**Supplied data**
◆ ◆ ◆ ◆

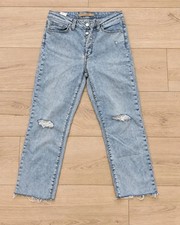 Joe’s Jeans The Scout Mid Rise Slim Boyfriend Jeans Size 26 Light Wash Distresse picture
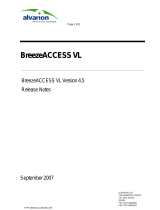 Alvarion BreezeACCESS VL 4.5 Release note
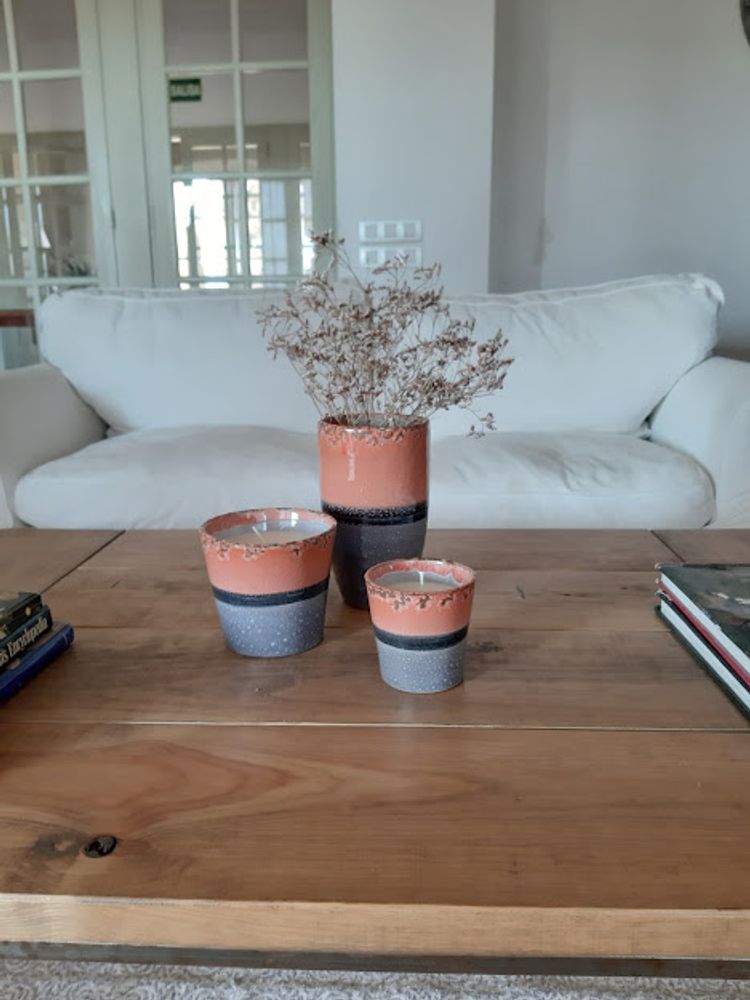 Ceramic - Degradé ceramic scented candle - WAX DESIGN - BARCELONA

◆ ◆ ◆ ◆

**What this task involves**
Would you print the whole listing exactly, omitting the pictures?

**Solution for this problem**
 Joe’s Jeans The Scout Mid Rise Slim Boyfriend Jeans Size 26 Light Wash Distresse picture
 Alvarion BreezeACCESS VL 4.5 Release note
 Ceramic - Degradé ceramic scented candle - WAX DESIGN - BARCELONA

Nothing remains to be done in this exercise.